DATA SHOWN >>
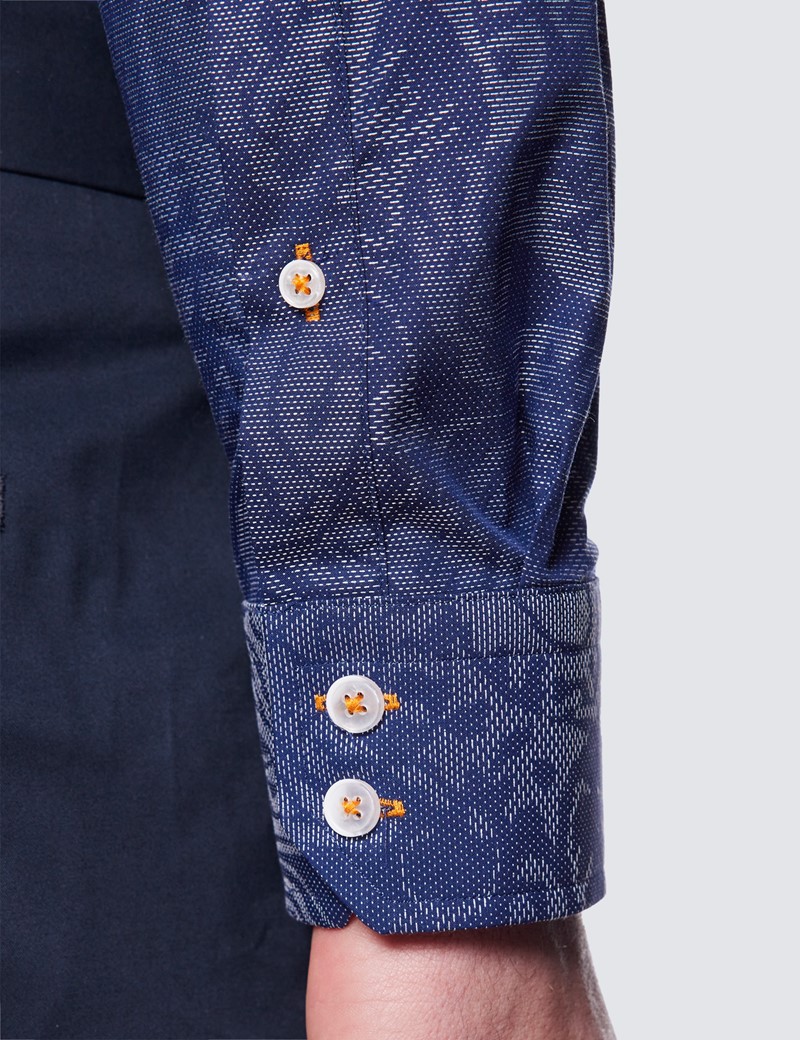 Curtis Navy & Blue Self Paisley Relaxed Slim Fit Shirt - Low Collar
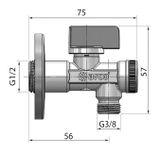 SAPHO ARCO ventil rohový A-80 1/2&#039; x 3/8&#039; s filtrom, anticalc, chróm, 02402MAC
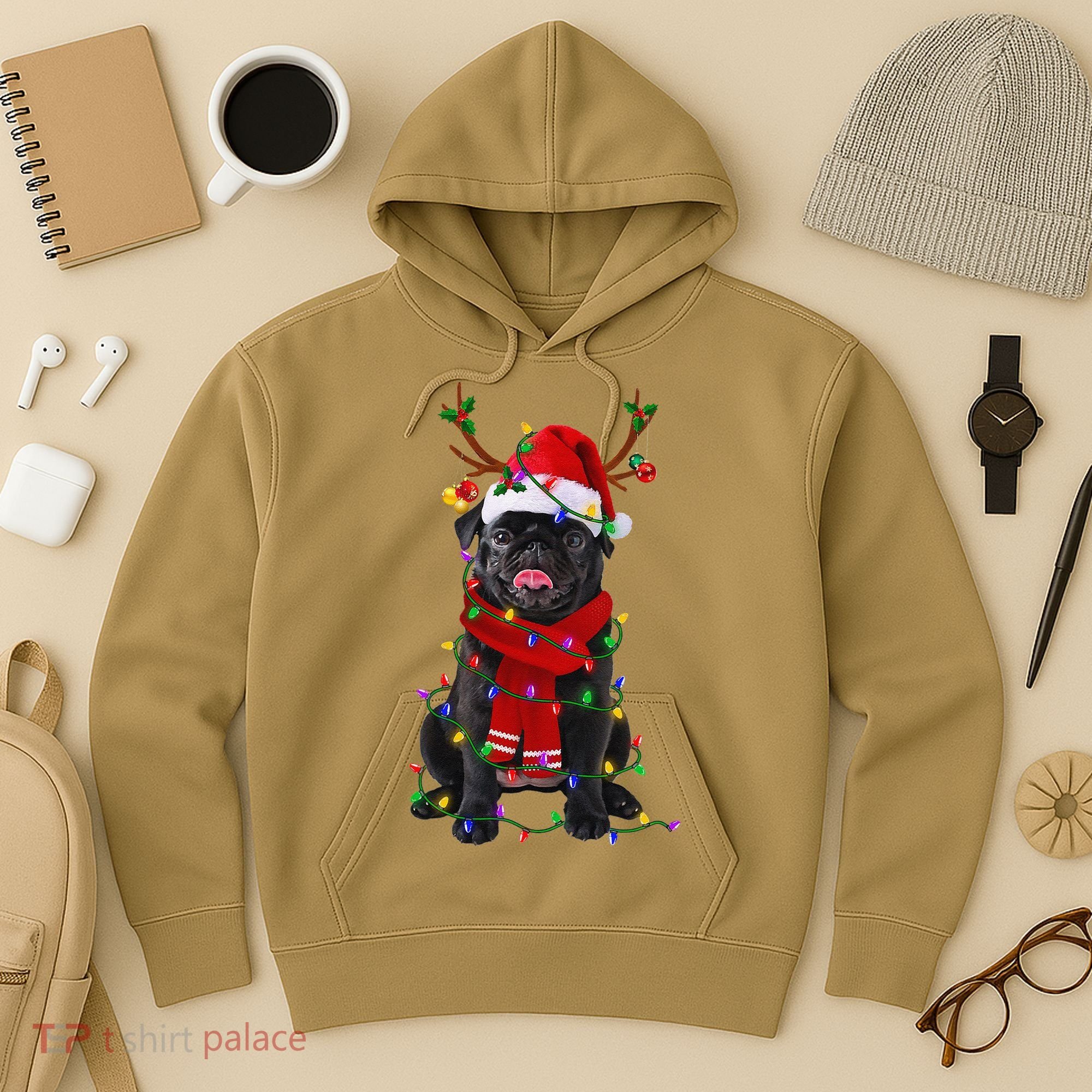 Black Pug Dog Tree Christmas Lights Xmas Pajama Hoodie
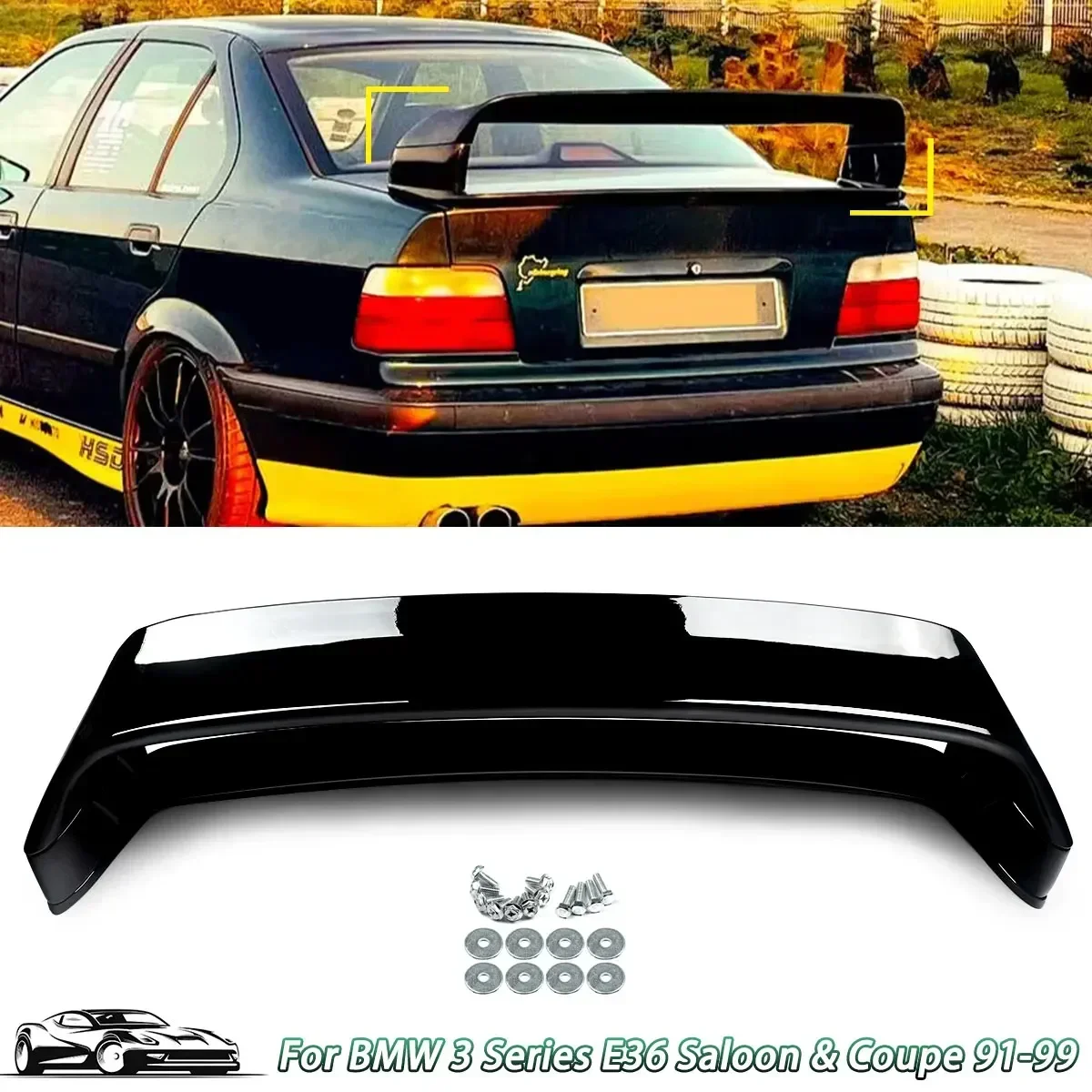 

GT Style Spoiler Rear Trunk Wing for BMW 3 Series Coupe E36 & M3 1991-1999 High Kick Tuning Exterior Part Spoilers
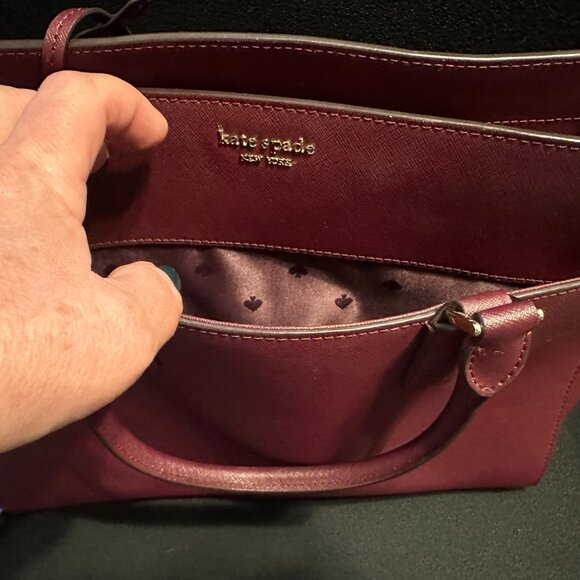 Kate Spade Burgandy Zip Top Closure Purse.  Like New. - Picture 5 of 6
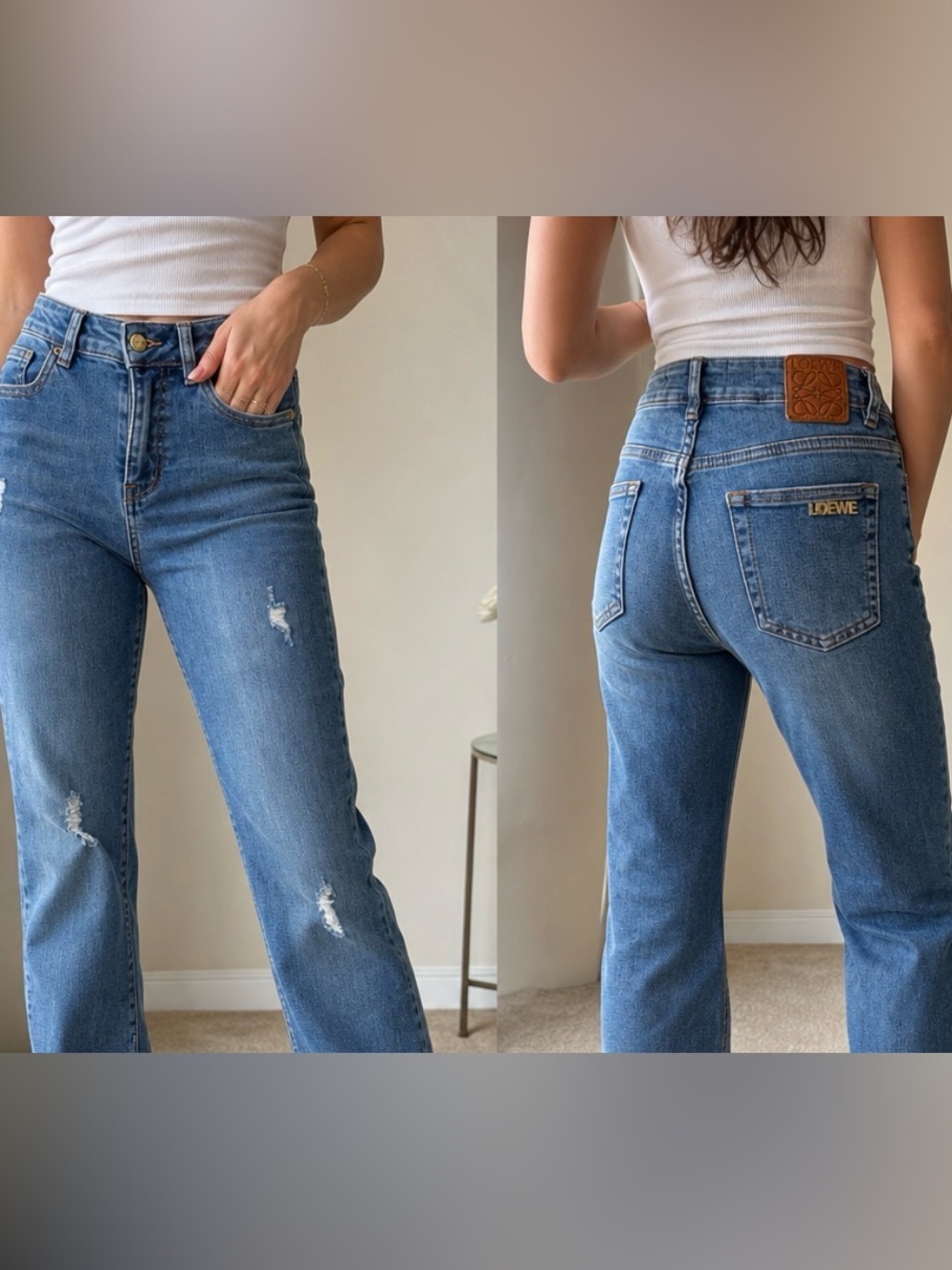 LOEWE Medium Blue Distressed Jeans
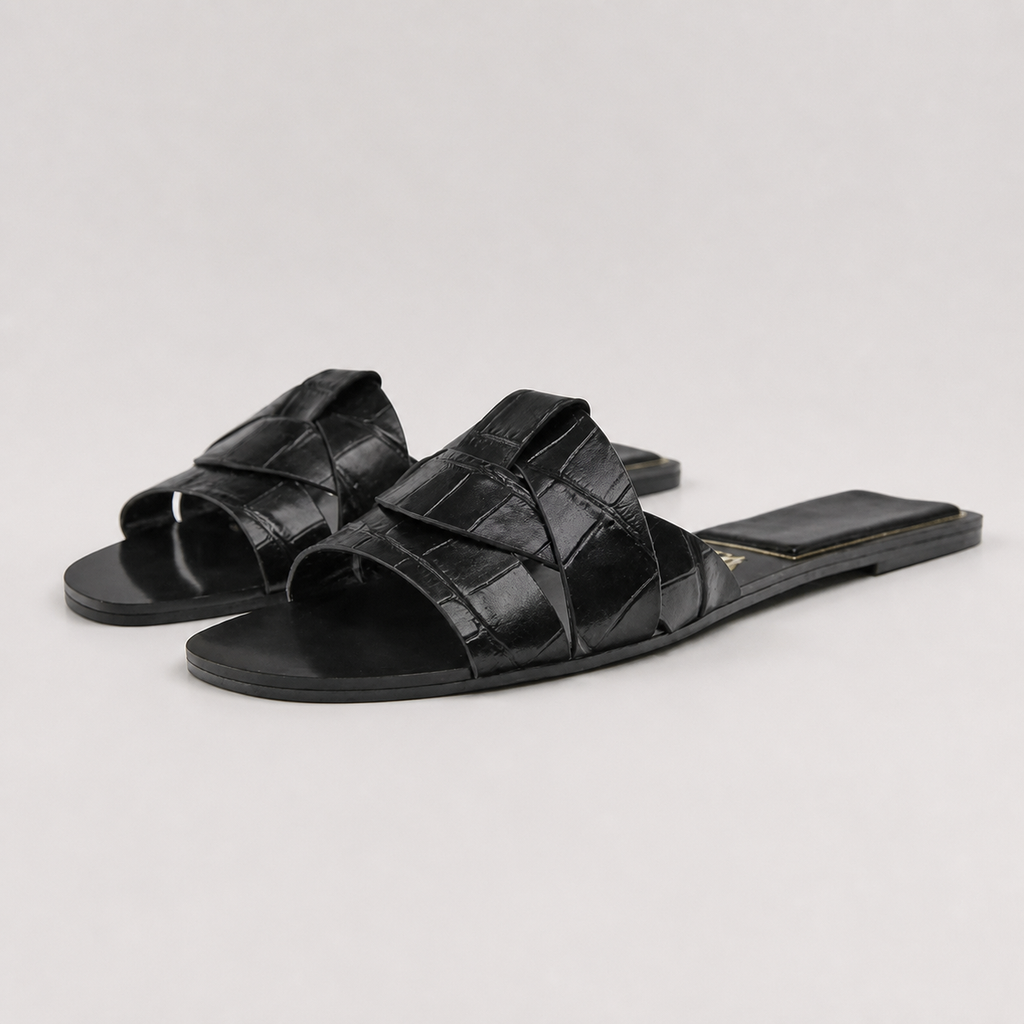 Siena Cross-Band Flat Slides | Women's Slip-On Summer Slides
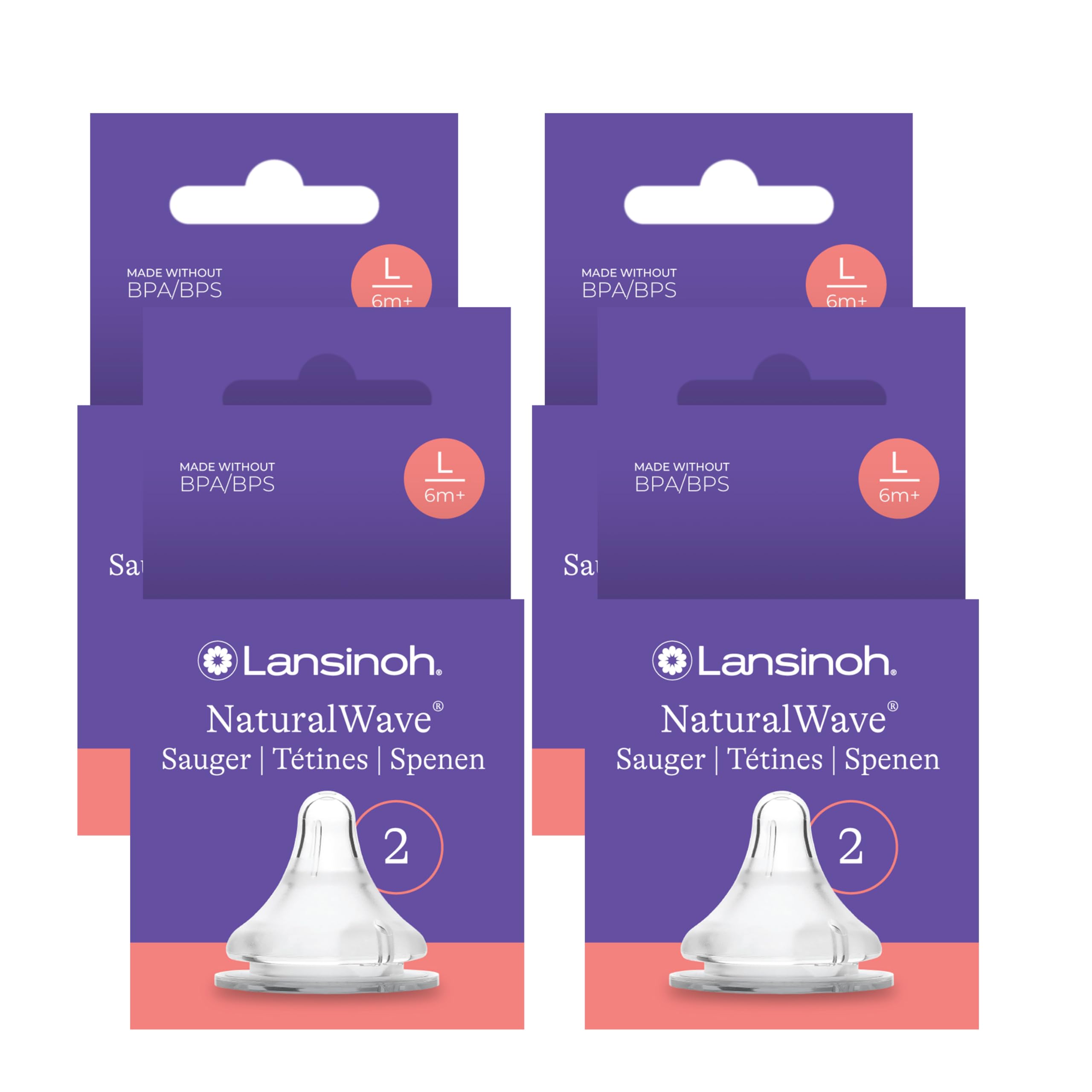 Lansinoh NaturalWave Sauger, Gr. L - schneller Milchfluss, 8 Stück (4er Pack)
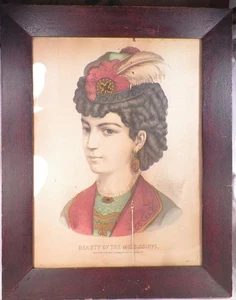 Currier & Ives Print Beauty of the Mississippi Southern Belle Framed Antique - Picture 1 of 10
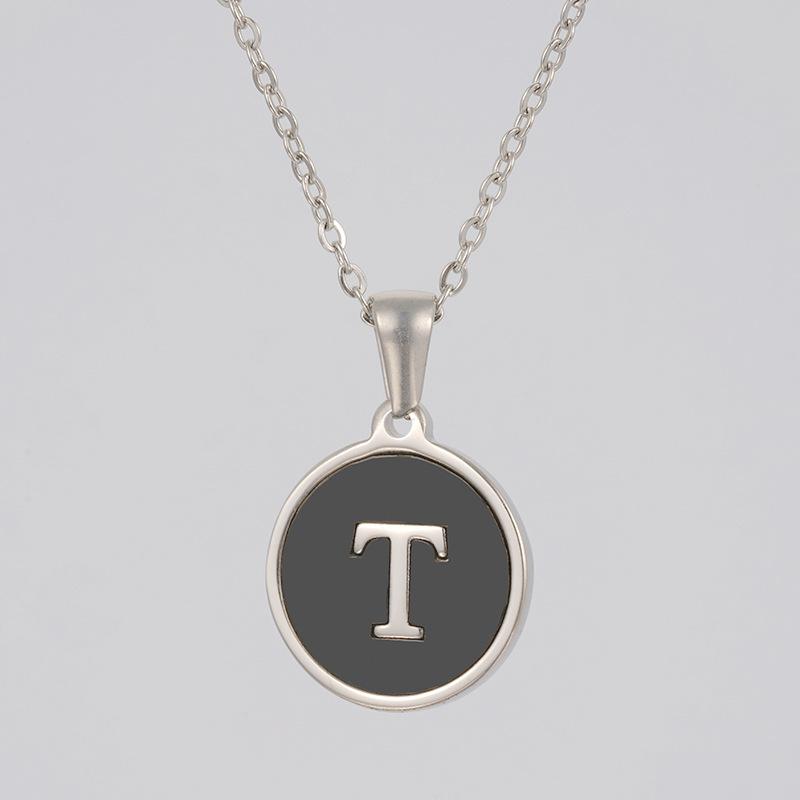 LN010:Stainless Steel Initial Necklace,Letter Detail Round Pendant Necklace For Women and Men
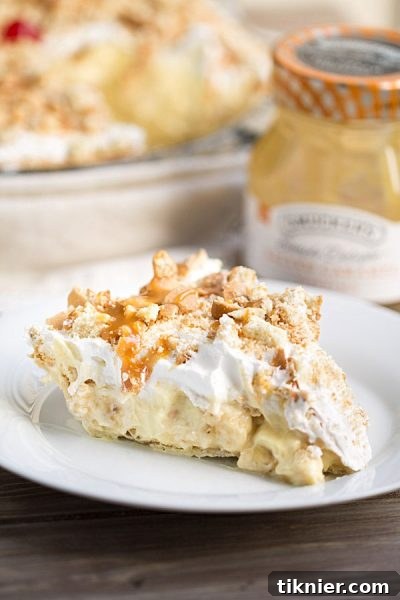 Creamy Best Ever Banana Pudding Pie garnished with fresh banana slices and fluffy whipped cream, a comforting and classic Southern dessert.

EXERCISE >> Give the listing above again in its entirety, exactly as written and free of images.

SOLUTION FOR THIS PROBLEM >>
 Curtis Navy & Blue Self Paisley Relaxed Slim Fit Shirt - Low Collar
 SAPHO ARCO ventil rohový A-80 1/2&#039; x 3/8&#039; s filtrom, anticalc, chróm, 02402MAC
 Black Pug Dog Tree Christmas Lights Xmas Pajama Hoodie

GT Style Spoiler Rear Trunk Wing for BMW 3 Series Coupe E36 & M3 1991-1999 High Kick Tuning Exterior Part Spoilers
 Kate Spade Burgandy Zip Top Closure Purse.  Like New. - Picture 5 of 6
 LOEWE Medium Blue Distressed Jeans
 Siena Cross-Band Flat Slides | Women's Slip-On Summer Slides
 Lansinoh NaturalWave Sauger, Gr. L - schneller Milchfluss, 8 Stück (4er Pack)
 Currier & Ives Print Beauty of the Mississippi Southern Belle Framed Antique - Picture 1 of 10
 LN010:Stainless Steel Initial Necklace,Letter Detail Round Pendant Necklace For Women and Men
 Creamy Best Ever Banana Pudding Pie garnished with fresh banana slices and fluffy whipped cream, a comforting and classic Southern dessert.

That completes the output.